The card runs for three years from the date of issue, with the expiry date stamped on the front of the plastic. Renewal is done on exactly the same online flow as the initial issuance — sign in to Segurança Social Direta in the last 30 days before the expiry date and click renovar. The renewal is free. There is no automatic renewal, so you need to remember to file the renewal request before the card expires. If you let it lapse, you simply file a new request — the card will be reissued on the standard 7-working-day clock.

Using the card abroad in practice

When you arrive at a public hospital or health centre in the host country, present the CESD (or the CPS) together with a government-issued ID. The hospital admits you under the same regime as a local resident, performs the medically necessary treatment, and bills the host-country social-security institution. That institution then settles the cross-border invoice with Segurança Social via EESSI — you do not pay up front for the care itself, only for whatever co-payment a local resident would pay. If the hospital nonetheless asks you to pay up front (which happens occasionally in tourist-heavy hospitals in Spain, Italy and Greece), keep the original receipts, the discharge summary and the diagnosis code, and file a reimbursement request via the Centro Distrital de Segurança Social on your return.

Lost or stolen card

If the card is lost or stolen, request a CPS via SSD or by phoning the Segurança Social hotline at 300 502 502 to get one issued by e-mail. The CPS substitutes the lost card immediately. Once you are back in Portugal, file a request for a replacement card via the same online flow — it is free.

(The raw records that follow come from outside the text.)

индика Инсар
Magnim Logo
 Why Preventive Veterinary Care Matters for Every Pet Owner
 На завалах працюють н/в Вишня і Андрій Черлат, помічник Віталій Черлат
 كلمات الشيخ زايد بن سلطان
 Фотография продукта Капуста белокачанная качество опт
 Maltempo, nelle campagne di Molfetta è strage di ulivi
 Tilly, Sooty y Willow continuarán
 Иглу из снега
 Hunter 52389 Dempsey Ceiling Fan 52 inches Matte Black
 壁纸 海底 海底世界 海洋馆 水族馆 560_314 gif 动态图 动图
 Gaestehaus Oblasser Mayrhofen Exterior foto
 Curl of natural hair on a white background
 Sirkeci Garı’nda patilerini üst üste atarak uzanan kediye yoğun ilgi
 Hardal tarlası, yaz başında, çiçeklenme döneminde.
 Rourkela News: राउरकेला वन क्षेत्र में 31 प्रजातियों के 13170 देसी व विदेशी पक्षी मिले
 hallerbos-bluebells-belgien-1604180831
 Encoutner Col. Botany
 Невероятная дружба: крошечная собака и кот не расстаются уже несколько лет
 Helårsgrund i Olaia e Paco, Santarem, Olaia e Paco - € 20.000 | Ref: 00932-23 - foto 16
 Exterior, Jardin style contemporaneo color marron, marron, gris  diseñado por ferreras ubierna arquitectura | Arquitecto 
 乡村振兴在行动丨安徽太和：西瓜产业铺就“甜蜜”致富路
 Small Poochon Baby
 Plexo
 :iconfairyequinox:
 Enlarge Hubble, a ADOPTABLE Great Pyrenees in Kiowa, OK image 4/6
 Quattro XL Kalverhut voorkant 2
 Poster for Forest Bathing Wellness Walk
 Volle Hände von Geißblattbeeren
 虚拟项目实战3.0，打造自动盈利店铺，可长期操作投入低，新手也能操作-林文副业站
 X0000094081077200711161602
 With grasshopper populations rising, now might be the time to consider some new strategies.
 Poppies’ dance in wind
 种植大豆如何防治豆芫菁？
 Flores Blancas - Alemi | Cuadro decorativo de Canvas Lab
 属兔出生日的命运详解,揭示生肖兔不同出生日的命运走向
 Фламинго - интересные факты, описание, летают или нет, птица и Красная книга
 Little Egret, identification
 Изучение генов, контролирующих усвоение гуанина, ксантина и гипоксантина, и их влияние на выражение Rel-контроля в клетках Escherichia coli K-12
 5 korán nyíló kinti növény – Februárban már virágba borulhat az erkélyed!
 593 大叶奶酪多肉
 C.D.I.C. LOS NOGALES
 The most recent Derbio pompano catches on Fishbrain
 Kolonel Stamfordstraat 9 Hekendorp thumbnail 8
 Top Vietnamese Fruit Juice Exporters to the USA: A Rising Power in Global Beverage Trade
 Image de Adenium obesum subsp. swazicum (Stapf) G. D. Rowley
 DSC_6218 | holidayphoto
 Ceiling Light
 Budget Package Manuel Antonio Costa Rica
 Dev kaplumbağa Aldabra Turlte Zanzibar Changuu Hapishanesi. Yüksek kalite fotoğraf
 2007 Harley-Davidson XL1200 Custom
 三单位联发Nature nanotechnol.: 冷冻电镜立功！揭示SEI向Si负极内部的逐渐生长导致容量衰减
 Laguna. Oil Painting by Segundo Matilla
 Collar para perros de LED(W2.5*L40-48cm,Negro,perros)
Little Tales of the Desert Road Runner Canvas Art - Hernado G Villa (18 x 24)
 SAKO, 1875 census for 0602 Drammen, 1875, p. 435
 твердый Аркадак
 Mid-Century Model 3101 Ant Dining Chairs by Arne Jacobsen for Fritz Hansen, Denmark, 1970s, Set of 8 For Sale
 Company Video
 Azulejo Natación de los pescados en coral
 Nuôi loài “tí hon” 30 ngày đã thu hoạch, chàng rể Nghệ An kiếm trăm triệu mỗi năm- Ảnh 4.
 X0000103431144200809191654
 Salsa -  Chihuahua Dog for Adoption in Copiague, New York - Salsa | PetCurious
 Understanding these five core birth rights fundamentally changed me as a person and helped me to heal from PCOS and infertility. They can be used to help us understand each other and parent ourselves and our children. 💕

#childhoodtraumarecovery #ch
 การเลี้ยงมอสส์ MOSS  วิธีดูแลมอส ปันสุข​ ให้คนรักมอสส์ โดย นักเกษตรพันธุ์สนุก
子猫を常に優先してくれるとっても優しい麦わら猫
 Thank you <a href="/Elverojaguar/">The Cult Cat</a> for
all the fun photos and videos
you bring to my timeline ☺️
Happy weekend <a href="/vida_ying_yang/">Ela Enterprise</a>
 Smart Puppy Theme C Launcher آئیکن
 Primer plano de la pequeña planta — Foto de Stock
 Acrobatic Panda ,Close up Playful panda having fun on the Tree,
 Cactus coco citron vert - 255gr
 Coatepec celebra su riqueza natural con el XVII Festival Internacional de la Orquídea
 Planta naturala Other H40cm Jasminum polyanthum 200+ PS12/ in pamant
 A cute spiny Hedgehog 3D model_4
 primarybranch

The post-Brexit UK arrangement

Since 1 January 2021, the EHIC issued by Portugal continues to be accepted in the United Kingdom for medically necessary public-sector care under the EU-UK reciprocity arrangement that survived Brexit and was confirmed in the 2020 EU-UK Trade and Cooperation Agreement. Practically: a Portuguese resident with a valid CESD will be admitted at NHS hospitals and GP surgeries on the same terms as a UK resident. Note that the UK has since launched its own GHIC (Global Health Insurance Card) which the NHS issues to UK residents for use inside the EU — the GHIC is the UK's equivalent of the CESD and the two cards operate as mirrors of each other.

Common pitfalls

  • Trying to use the CESD at a private clinic abroad. It will not work — the card only covers public-sector and contracted-public providers.
  • Travelling on an expired CESD. The expiry date on the front of the card is hard — an expired card is not honoured at the hospital. Renew it before you travel.
  • Skipping the CPS step when the card has not arrived in time for the trip. The CPS takes minutes to issue via SSD and gives full cover during the gap.
  • Confusing the CESD with private travel insurance. The CESD does not cover repatriation, private hospital stays, lost luggage or trip cancellations — layer private travel insurance on top for those.
  • Forgetting to request a separate card for each dependant. Each family member needs an individually-numbered card; the children's cards are not bundled with the parents'.

Bottom line

The Cartão Europeu de Seguro de Doença is free, takes minutes to request via Segurança Social Direta, arrives within a working week and runs for three years. If you live in Portugal and plan to travel anywhere inside the EU, EEA, Switzerland or the UK over the summer, request the card now — and request one for every dependant in the household. The CPS gives you immediate cover while the plastic is being printed. The card does not replace private travel insurance, but it materially closes the catastrophic-medical-bill gap, anchoring you to the host country's public hospital network on the same terms as a local resident. With the IPMA aviso-amarelo heat-wave window opening on 21-22 June and the summer holiday calendar pushing Portuguese residents into Spain, France, Italy, Greece and the UK across July and August, the card is the single most overlooked piece of pre-travel paperwork in Portugal's outbound-tourism stack.